A Câmara dos Deputados analisa proposta que regulamenta a produção de cerveja artesanal no país. A medida está prevista no Projeto de Lei 5191/13, que limita em 30 mil litros por ano a produção máxima de um estabelecimento cervejeiro artesanal. O autor da proposta, deputado Rogério Peninha Mendonça (PMDB-SC), acredita que a norma deve estimular a produção da bebida no país. De acordo com o projeto, as empresas deverão ter registro no Ministério da Agricultura, Pecuária e Abastecimento, além de cumprir exigências sanitárias estabelecidas pelo órgão. Todas as inspeções às cervejarias artesanais seriam prioritariamente orientadoras e qualquer auto de infração só seria feito após duas visitas ao estabelecimento.

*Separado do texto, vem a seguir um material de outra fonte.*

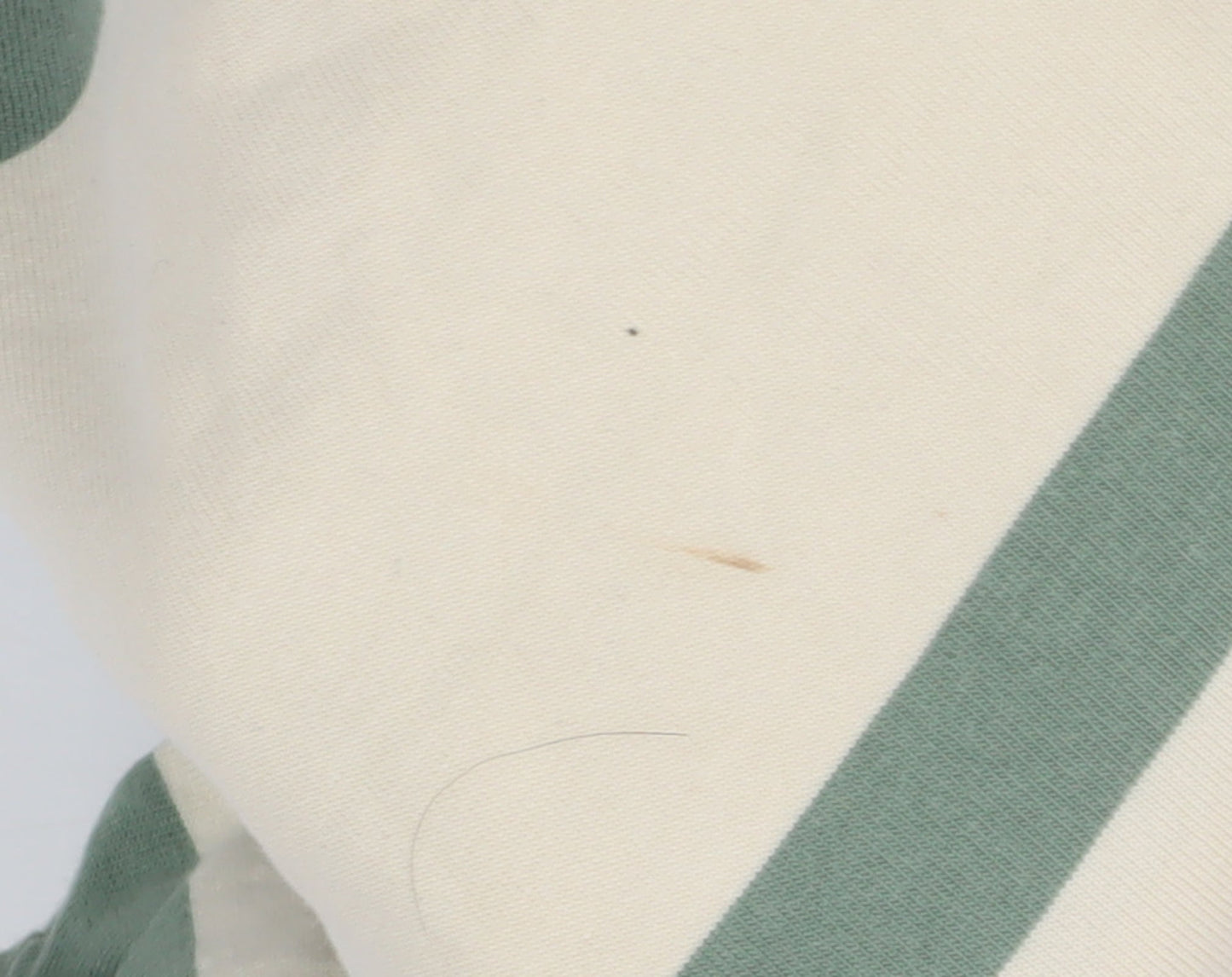 Marks and Spencer Men's Green Striped T-Shirt, S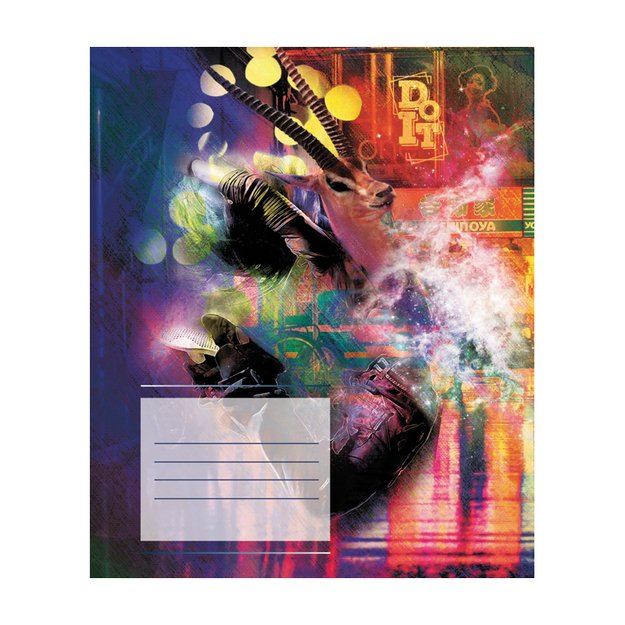 Sąsiuvinis su žaidimais DO IT ABC REALISTER, 32 lapai, linija, B5 2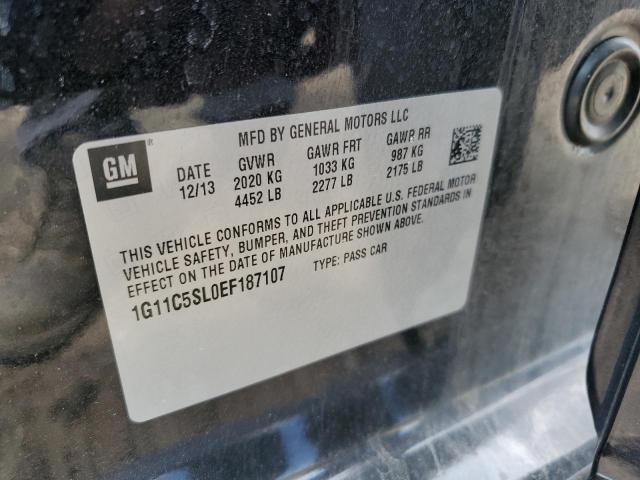 1G11C5SL0EF187107 - 2014 CHEVROLET MALIBU 1LT 黑色 照片 13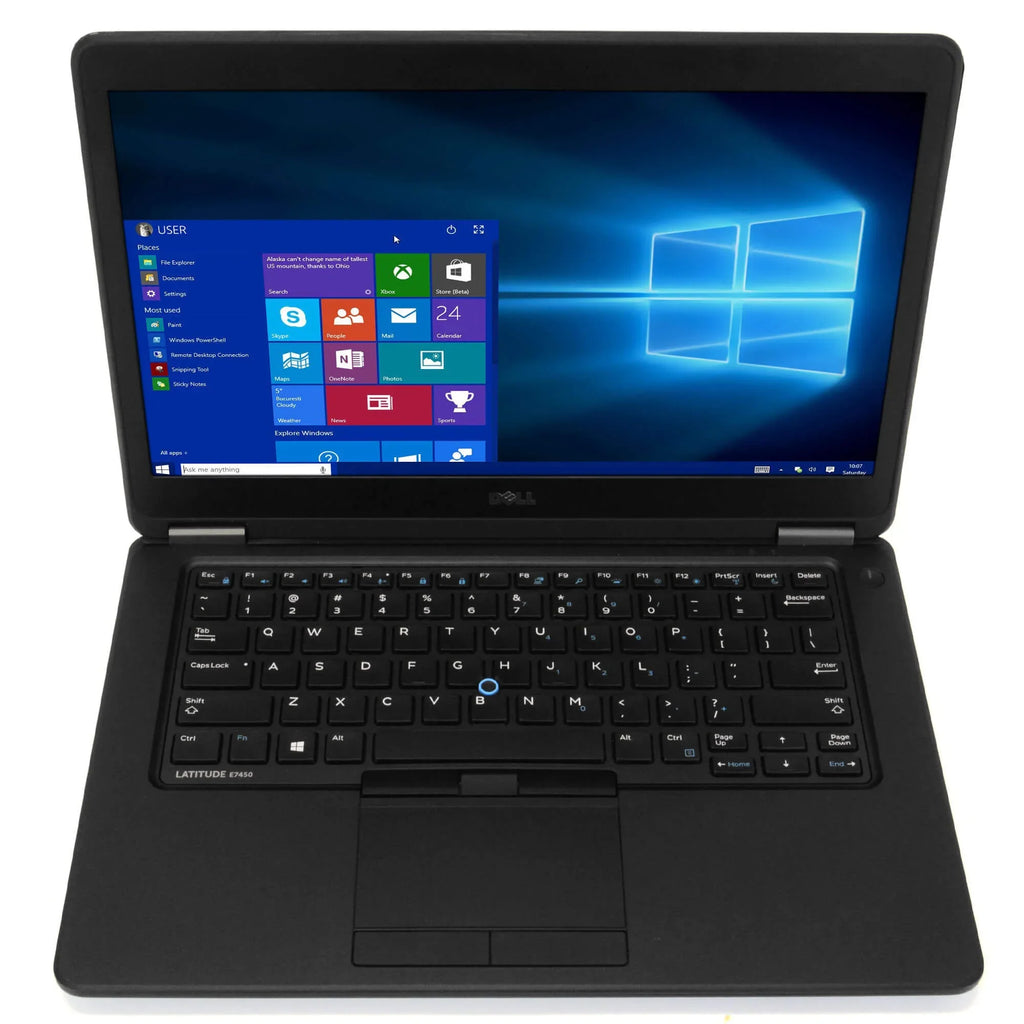 "Dell Latitude  Laptop Computer, 2.90 GHz Intel i5 Dual Core Gen 5, 8GB  , 240GB Solid State Drive ()  Hard Drive, Windows 10 Professional 64Bit, 14"" Screen Used"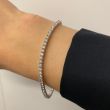 Lux | Tennis Bracelet White Gold | 73 Diamonds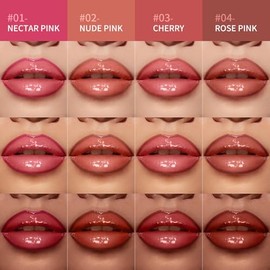 Peel Off Lip Stain Liner 2 en 1 Lip Gloss Oil Makeup Combo, delineador de labios a prueba de manchas, color altamente pigmentado, a prueba de transfer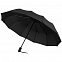 Зонт складной Fiber Magic Major с кейсом, черный с логотипом в Санкт-Петербурге заказать по выгодной цене в кибермаркете AvroraStore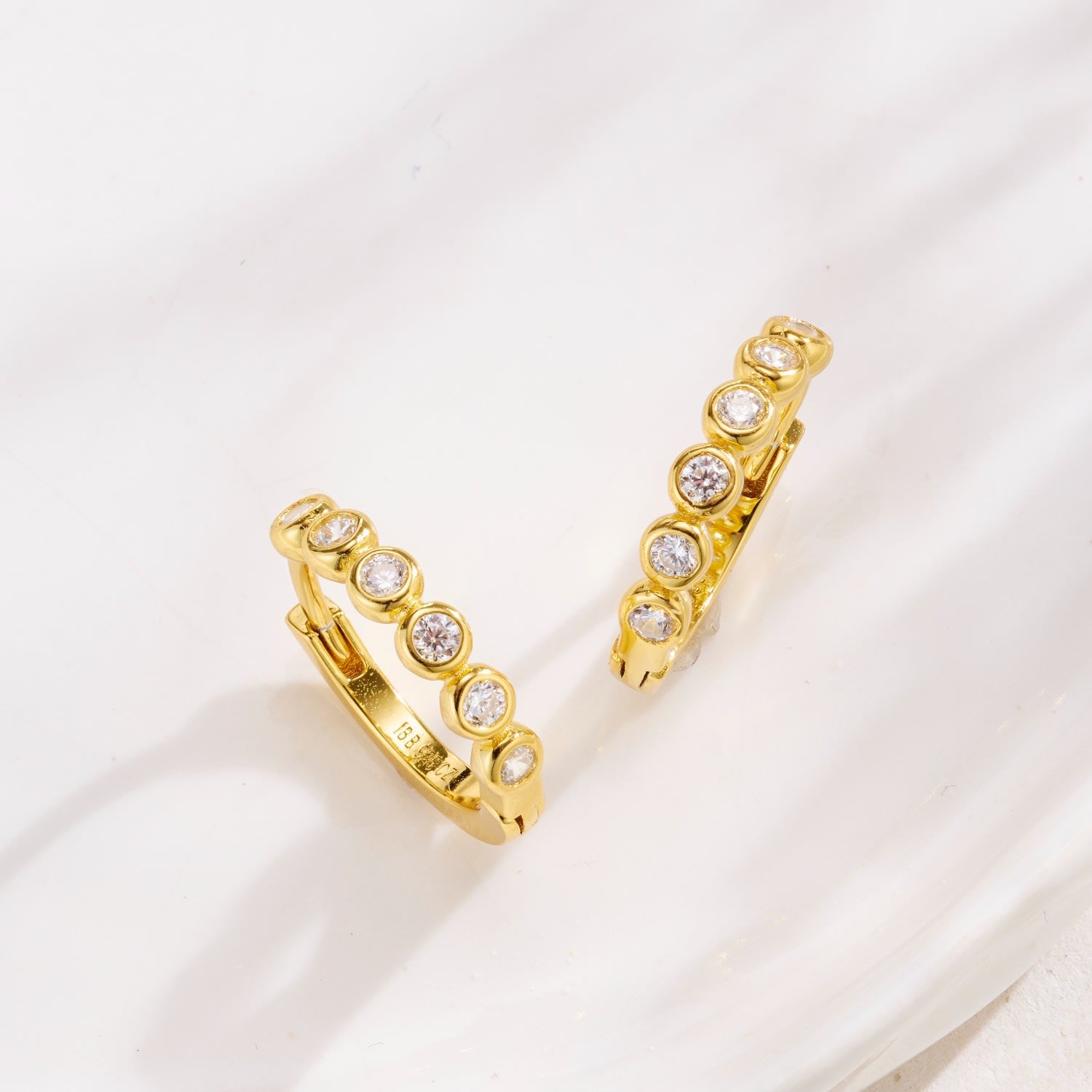 Cz Creole Hoop Earrings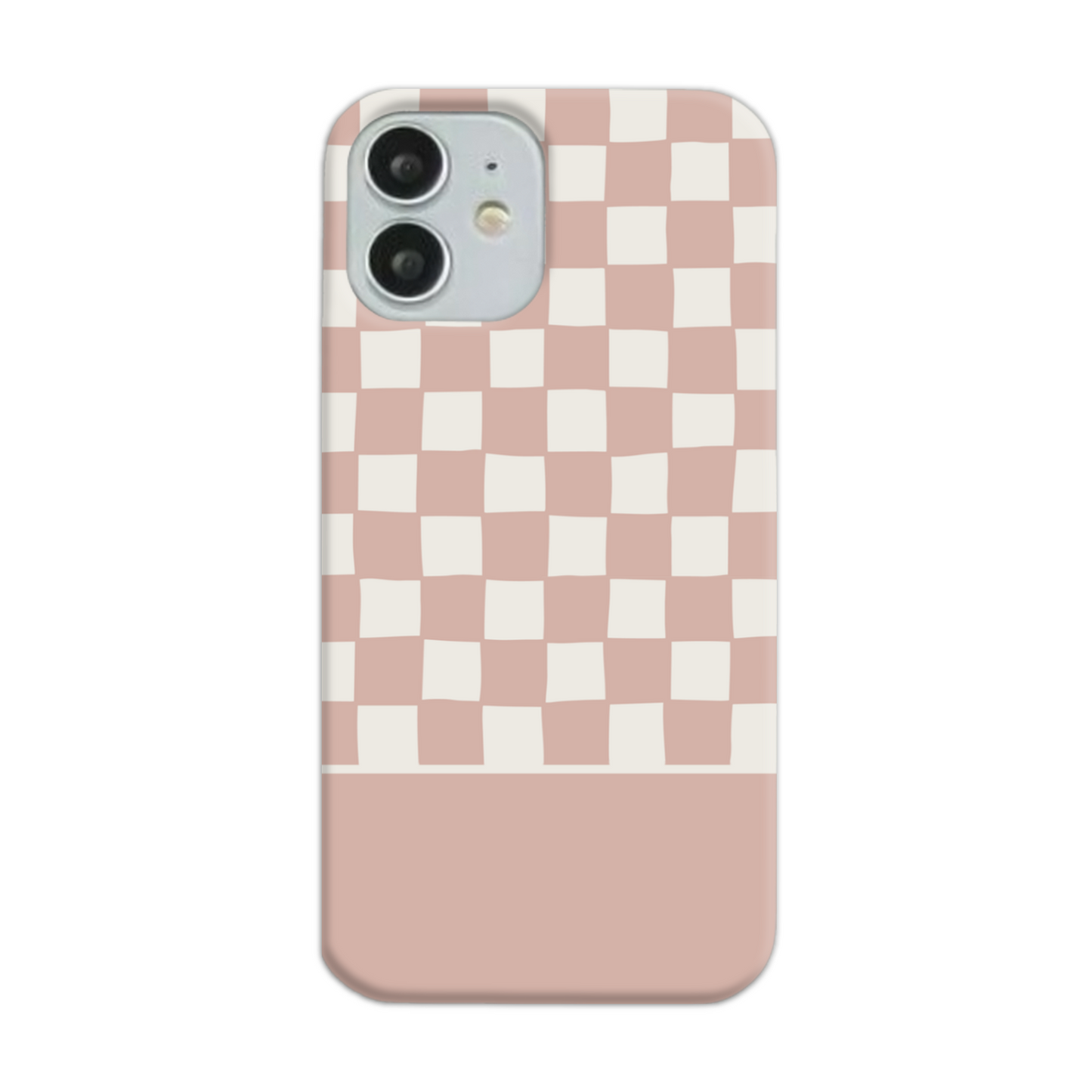 Pink Wobbly Check Slim Phone Case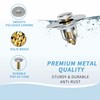 Universal 2 in 1 Bathroom Sink Stopper, Pop Up Bathroom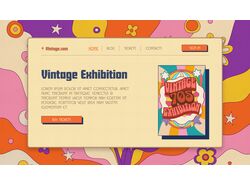 Vintage Exhibition - Landing Page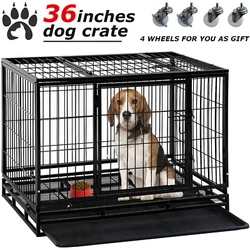 We assembled dog cage in less than 10-minute, majority of the part of dog kennel already preassembled. LOCKABLE WHEELS...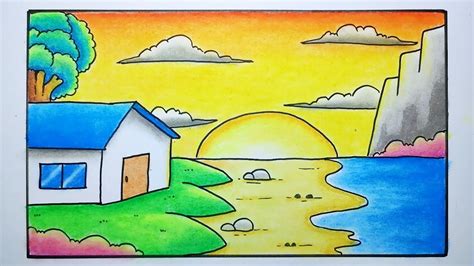 Easy Drawing of Scenery 的图像结果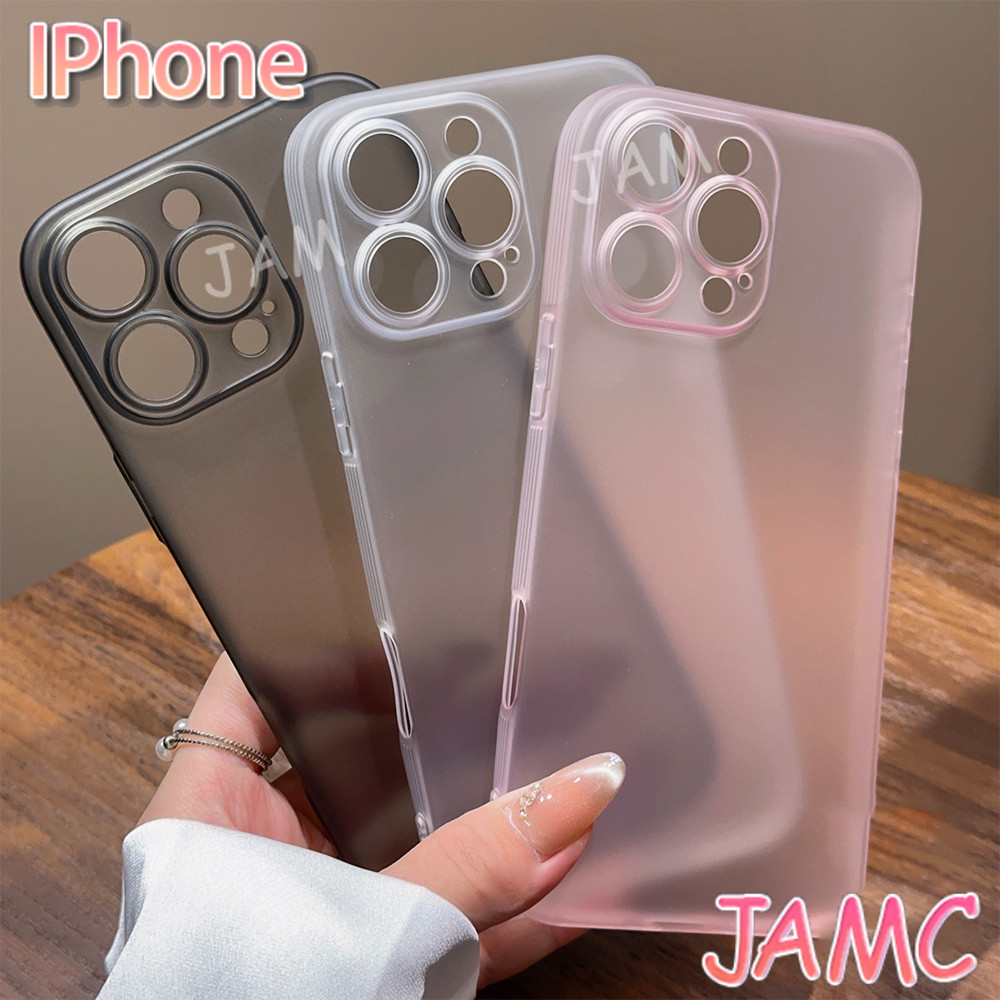 Ốp lưng iPhone cho iPhone 17 16 15 14 13 12 11Pro ProMax Plus XS XR XSMAX Ốp điện thoại mờ nhiều màu sắc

As 8 principais variedades de cervejas 


Trappiste – Raridade cara

Cerveja de alta fermentação produzida em apenas seis mosteiros na Bélgica e na Holanda. Geralmente, é fechada com rolha e a fermentação continua na garrafa. Possui grau alcoólico alto (8%) e sabor forte levemente apimentado, por causa do tipo de lúpulo utilizado. No Brasil, uma garrafa custa R$ 50. 


Weissbier – Trigo x cevada

Em alemão, weissbier significa “cerveja branca”, uma referência ao uso de trigo em vez de cevada para fazer malte. Essas cervejas de alta fermentação e teor alcoólico de 5% têm aromas que lembram maçã cozida e cravo. As mais conhecidas são as alemãs Erdinger e Weizenbock, servidas como cervejas natalinas.

 
Pale Ale

Ao contrário dos outros tipos de alta fermentação, em geral escuros, a PaleAle normalmente é dourada. Seu sabor também é único: além do álcool, o tipo de levedura utilizado gera substâncias aromáticas que lembram o gosto de frutas. Surgiu na Alemanha no século 16 – no Brasil, a Baden Baden representa a variedade.

 
DryStout – Sabor de café

A marca Guiness é a mais famosa desse estilo de cerveja, de cor quase totalmente negra, surgida na Irlanda e produzida tanto por alta como por baixa fermentação. O gosto seco e amargo da torragem do malte e da cevada lembra um pouco o sabor de café. O teor alcoólico geralmente é médio, variando entre 5 e 6%.

 
Bock – Tradição invernal

Muito apreciada no inverno, único período do ano em que é produzida, a bock é uma variedade escura e forte por causa do malte bem torrado e do lúpulo amargo. Foi inventada no século 14 na cidade de Einbeck, na Alemanha. O nome original dessa cerveja de baixa fermentação era beck, uma homenagem à região onde apareceu.

 
Draft – Estilo americano

Com menos de 5% de teor alcoólico, é o tipo mais popular nos Estados Unidos, onde a marca Miller é uma das mais consumidas. Também pertence à família de baixa fermentação – adiferença é que a draft não passa pelo processo de pasteurização, mas por uma filtragem que retira microrganismos e aumenta sua validade.

 
Pilsen – Preferência nacional

O tipo mais conhecido no Brasil pertence à família das cervejas de baixa fermentação e surgiu em 1842, na cidade de Pilsen, na República Tcheca. Em geral, têm teor alcoólico de 5% e lúpulo amargo, que causa aquela sensação de boca seca. O chope é uma pilsen, mas, por não ser pasteurizado, só dura um mês.

 
Framboise – Acidez disfarçada

Criada no século 17, essa cerveja belga é a única feita com a fermentação espontânea dos próprios microrganismos do ar. Por isso, sua qualidade varia muito. Para diminuir a acidez do sabor, os inventores acrescentaram xarope de framboesa, gerando a cor avermelhada dessa variedade.